This article explains how the meeting lobby is applied to different participant types joining a Microsoft Teams meeting from various clients and devices as well as how to control this behavior using various options provided at the tenant, user, and meeting levels. Also covered is newer behavior available in Microsoft’s Cloud Video Interop (CVI) partner-offered services like Poly’s RealConnect for Microsoft Teams which now allows more flexibility in the lobby experience for different sets of standards-based video teleconferencing (VTC) system.
Microsoft Teams will define meeting participants in one of two ways: as either Trusted or Untrusted. There are numerous terms used throughout the Teams configuration options and documentation which in many cases are used interchangeably to denote the same concepts. Any participant connecting to a meeting where they are actively signed-in to a Teams tenant would be considered as Authenticated, and by default also as Trusted unless the participant is part of an explicitly blocked domain and is not an invited guest to a Team where a meeting may be located. This includes users signed into any Teams organization across all native clients and devices as well as a specifically-defined VTC joining through a CVI service which supports defining trusted devices.
Conversely, a meeting participant which is not signed into any Teams tenant is considered by Microsoft Teams as Unauthenticated and thus also as Untrusted. Any VTC connecting through a CVI service which is not treated as trusted by the service will also be defined as untrusted in Teams . An anonymous participant is always treated as untrusted as by definition is not authenticated and the identity cannot be confirmed.

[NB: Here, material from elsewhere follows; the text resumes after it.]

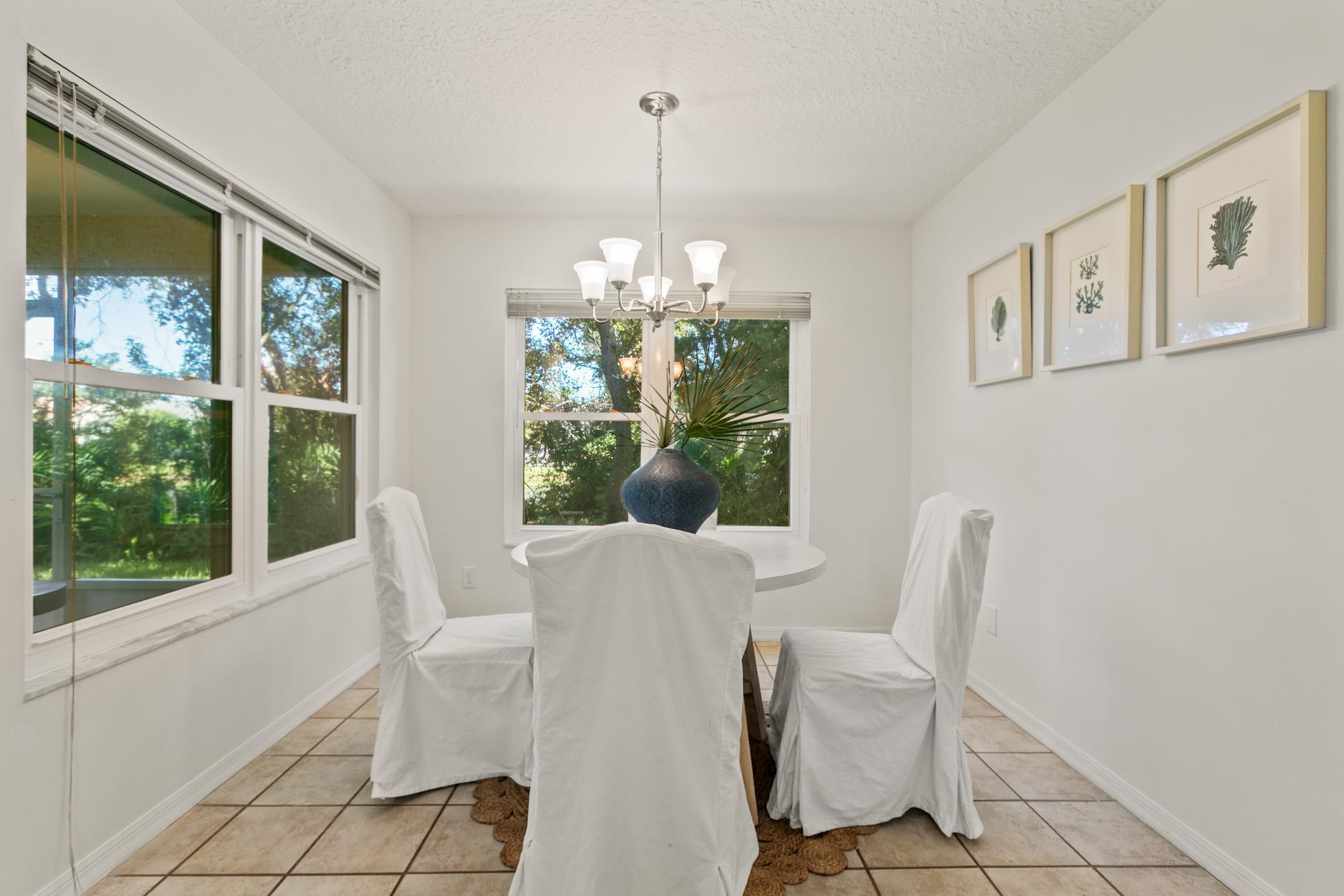 541 Peninsula Court St. Augustine, FL 32080 - Photo 31 of 63 a dining room with furniture a chandelier and window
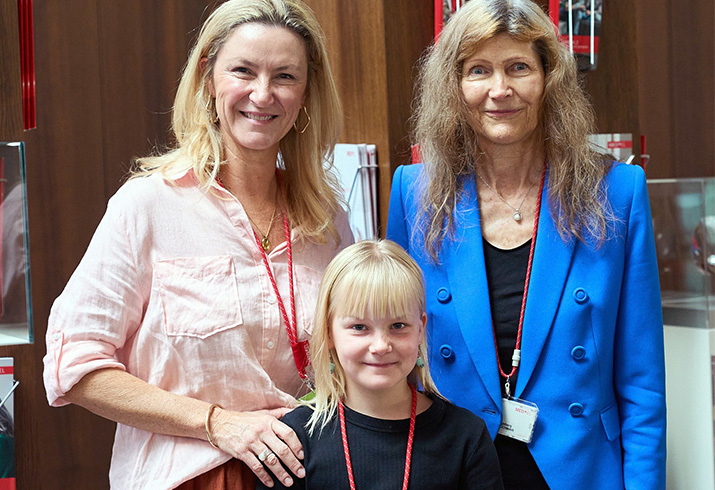 Genevieve Hodgson (back left) stands with her arm on the shoulder of her young daughter Asha. Standing beside them is MED-EL Implant Systems CEO, Dr Ingeborg Hochmair.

The two areas where this designation is most important are (1) how the meeting lobby may apply to the participant and (2) if they can participate in a Teams Live Event. How meeting attendees are handled in terms of the lobby experience comes down to the options applied for the specific meeting that is being joined. These options are defined by administrator-controlled default global and/or customized user meeting policies, some of which can be overridden by the meeting organizer for individual or reoccurring meetings.
The coloration between these two is easy to understand when one realizes that the inner Live Event meeting is really just a regular Teams meeting yet is lacking any lobby functionality. Thus, only trusted participants can join using the meeting link meant for the event’s Organizer, Producer and any potential Presenters joining. An untrusted, anonymous participant can only attend the event via the Attendee link via some of the native Teams clients or any supported web-browser. When dealing with regular Teams meetings the lobby is always applicable, meaning there is no such concept as a “Teams meeting with no lobby”. It is the fact that if certain participants are able to automatically bypass the lobby in a meeting then they typically never see the lobby and appear to join the meeting directly from their point-of-view.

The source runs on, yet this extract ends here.